_DIRECTIONS_
Write out exactly the lines running from the one with "Säljer dessa byxor" to the end of the data, including both of those lines and excluding pictures.

- - -

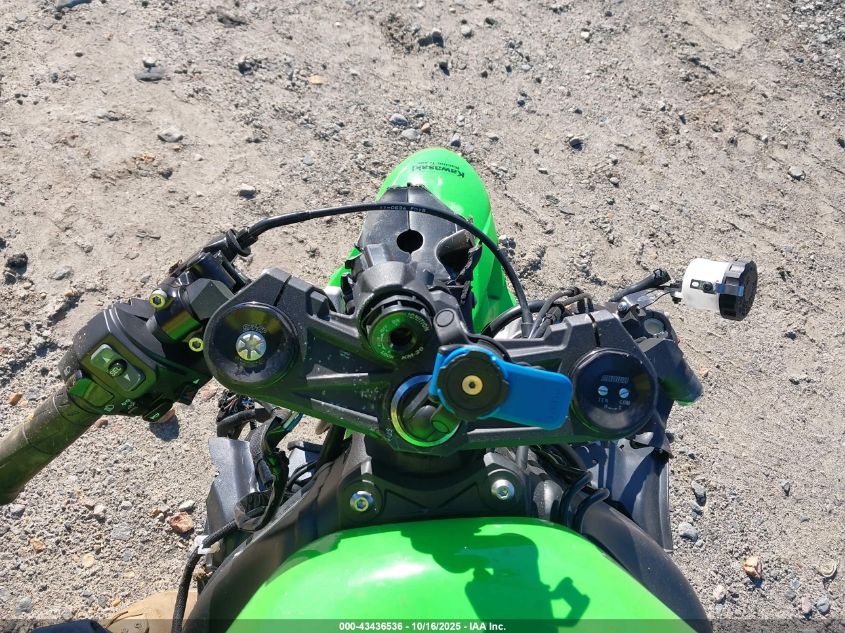 2025 Kawasaki Zx636 K VIN: JKBZXJJ18SA030592 Lot: 43436536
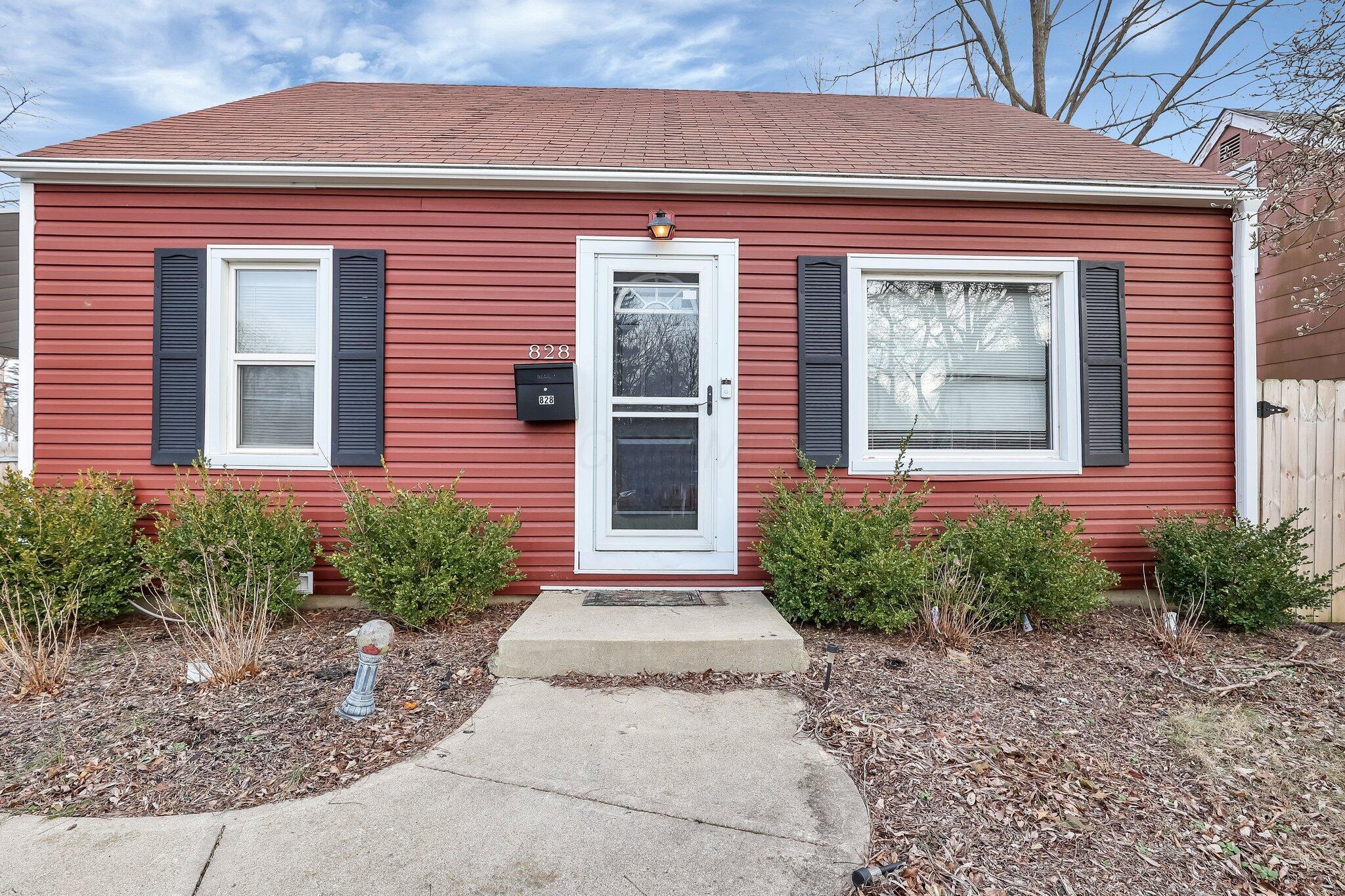 Elizabeth Ave, Columbus, OH 43227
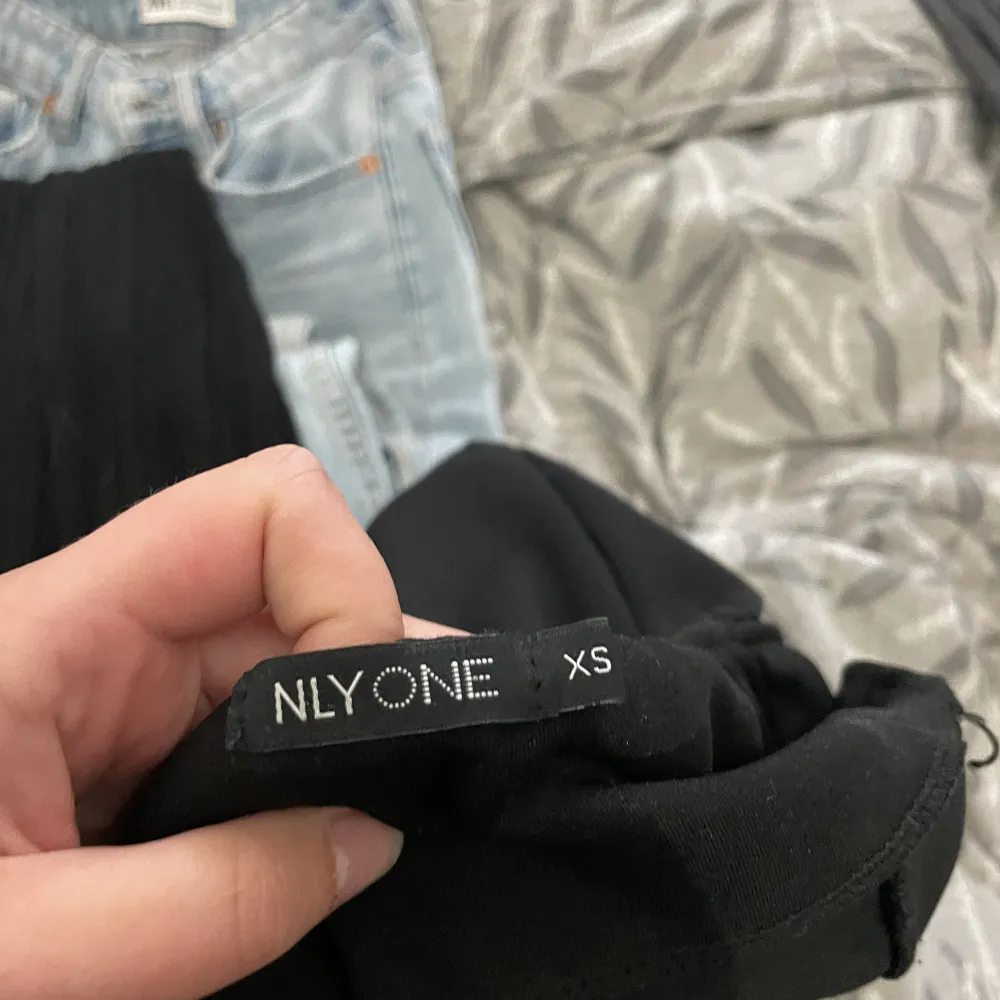 Säljer dessa byxor från Nelly i storlek xs🥰. Jeans & Byxor.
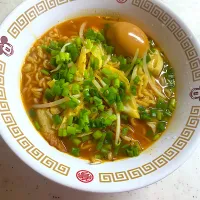 辛ラーメンスパイシーチキンに納豆のタレ漬け味玉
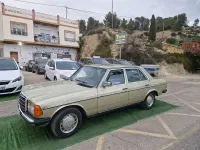 Usado Mercedes 200 140 CV (102 kW) 1984 Verde Familiar
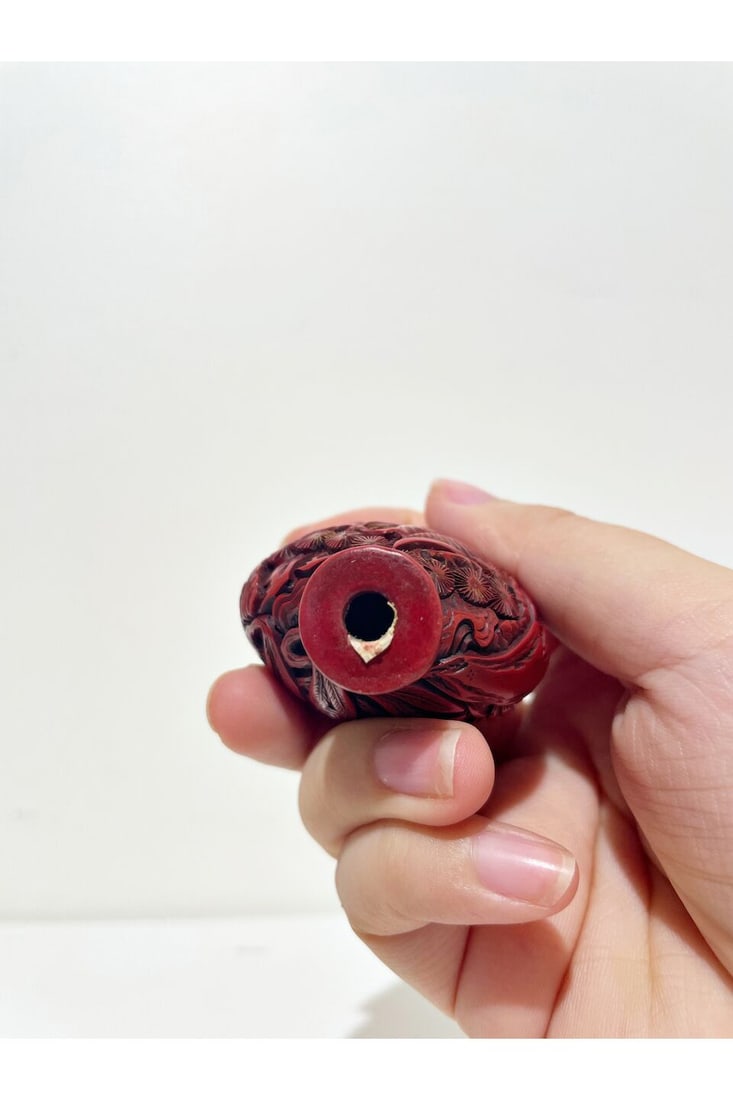 A CINNABAR LACQUER 'FIGURES AND LANDSCAPE' SNUFF BOTTLE 19th/20th century - 2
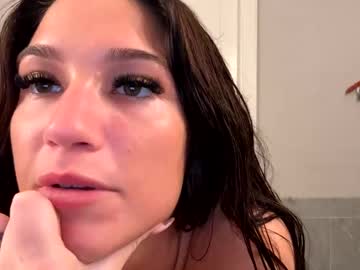 prettygirll23's chat room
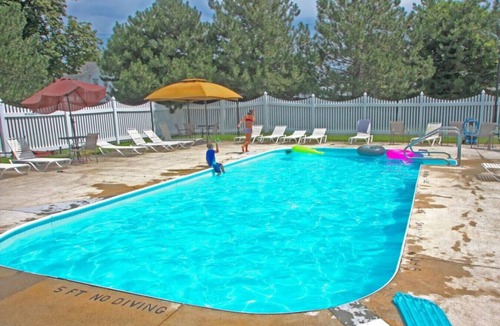 Kelleys Island House | Quarry's Edge with pool - 2 Bdrms 2 Bths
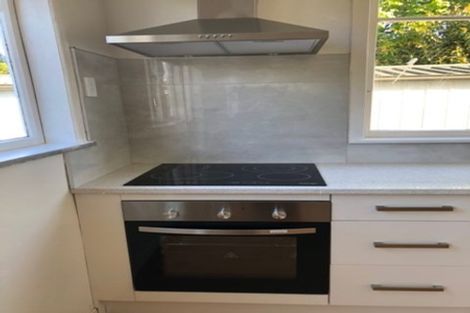 Photo of property in 55 Middlemore Crescent, Papatoetoe, Auckland, 2025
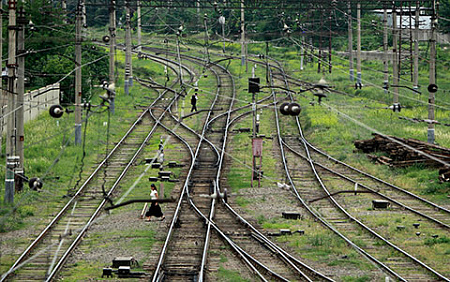 Абхазские рельсы пока ведут в тупик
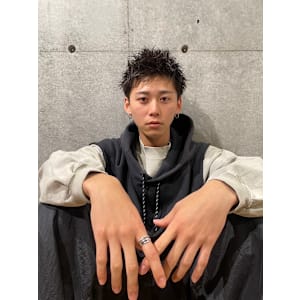 MILK/MURIEL　メンズカット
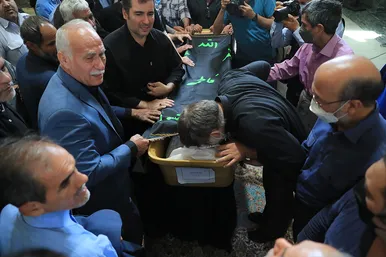 تشییع پیکر مرحوم «مهدی صباغی»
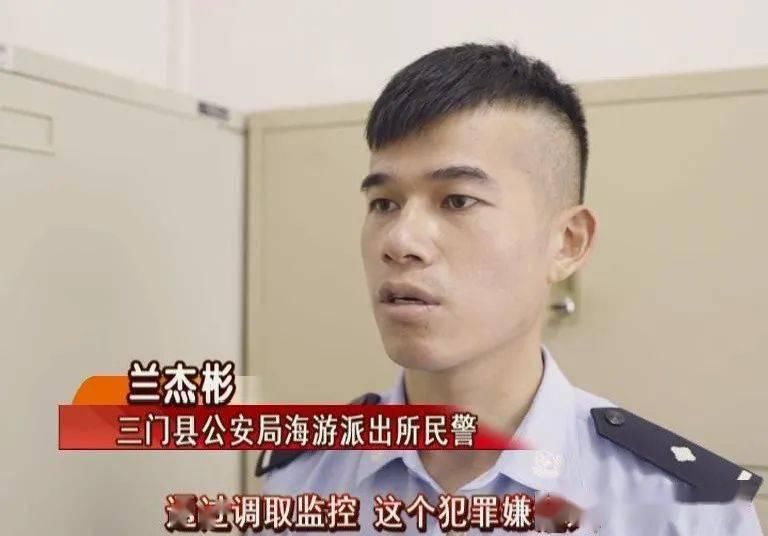  活见鬼|一个月被掰5次后视镜，车主一看监控真是活见鬼了……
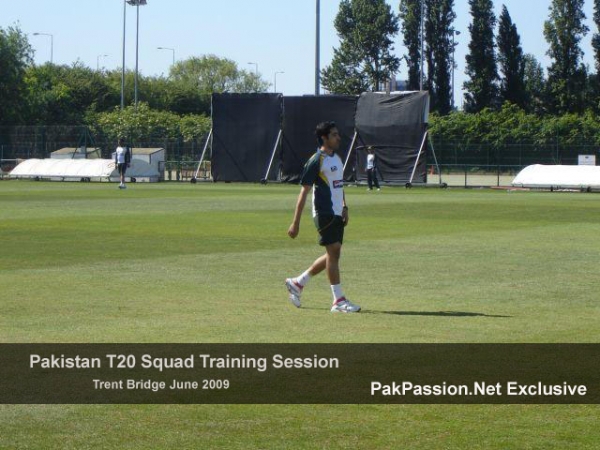 Umar Gul at a training session at Trent Bridge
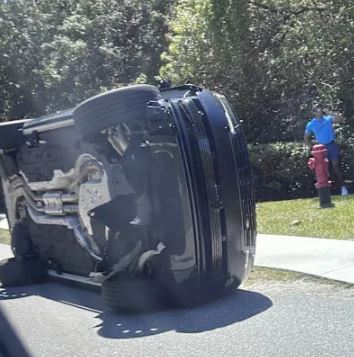  Tiger Woods si ribalta con il suv: arrestato per guida in stato di ebbrezza dopo l'incidente in Florida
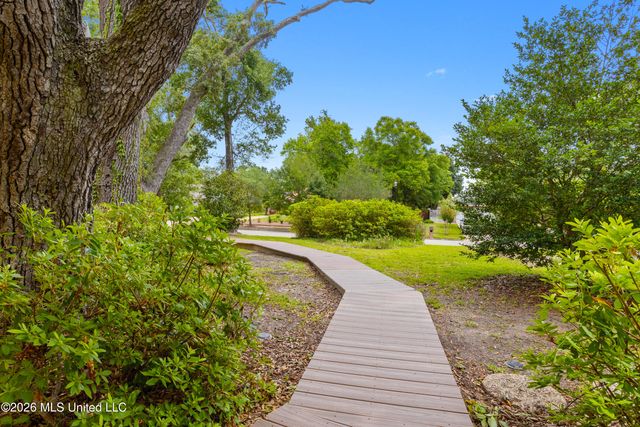 124 Shadowlawn Avenue, Pass Christian, MS 39571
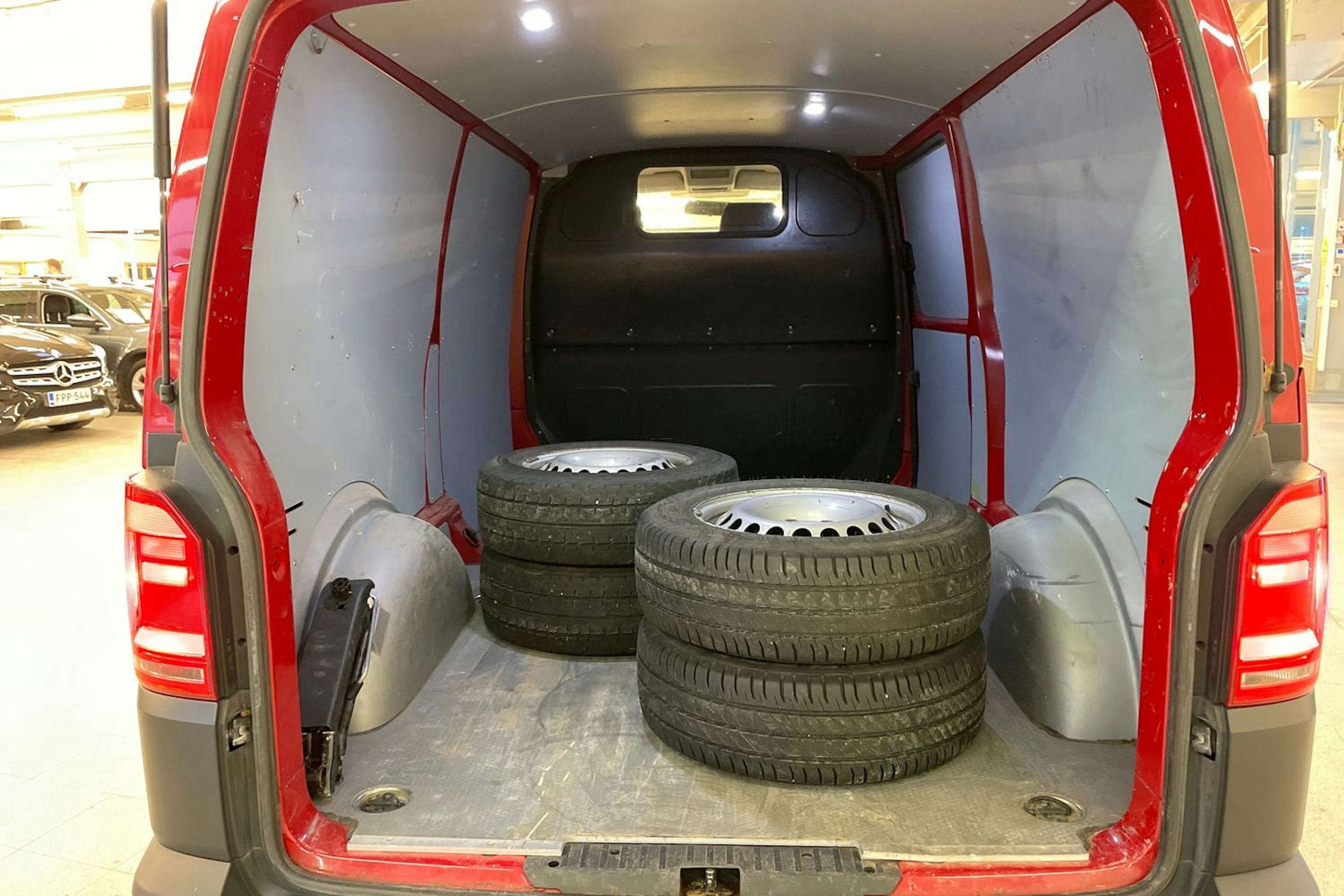 Punainen Volkswagen TRANSPORTER 2018 kuva 20.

- - -

_RESULT OF THE TASK_
 Säljer dessa byxor från Nelly i storlek xs🥰. Jeans & Byxor.
 辛ラーメンスパイシーチキンに納豆のタレ漬け味玉
 Usado Mercedes 200 140 CV (102 kW) 1984 Verde Familiar
 A CINNABAR LACQUER 'FIGURES AND LANDSCAPE' SNUFF BOTTLE 19th/20th century - 2
 prettygirll23's chat room
 Kelleys Island House | Quarry's Edge with pool - 2 Bdrms 2 Bths
 Photo of property in 55 Middlemore Crescent, Papatoetoe, Auckland, 2025
 Абхазские рельсы пока ведут в тупик
 MILK/MURIEL　メンズカット
 تشییع پیکر مرحوم «مهدی صباغی»
  活见鬼|一个月被掰5次后视镜，车主一看监控真是活见鬼了……
 Umar Gul at a training session at Trent Bridge
  Tiger Woods si ribalta con il suv: arrestato per guida in stato di ebbrezza dopo l'incidente in Florida
 124 Shadowlawn Avenue, Pass Christian, MS 39571
 Punainen Volkswagen TRANSPORTER 2018 kuva 20.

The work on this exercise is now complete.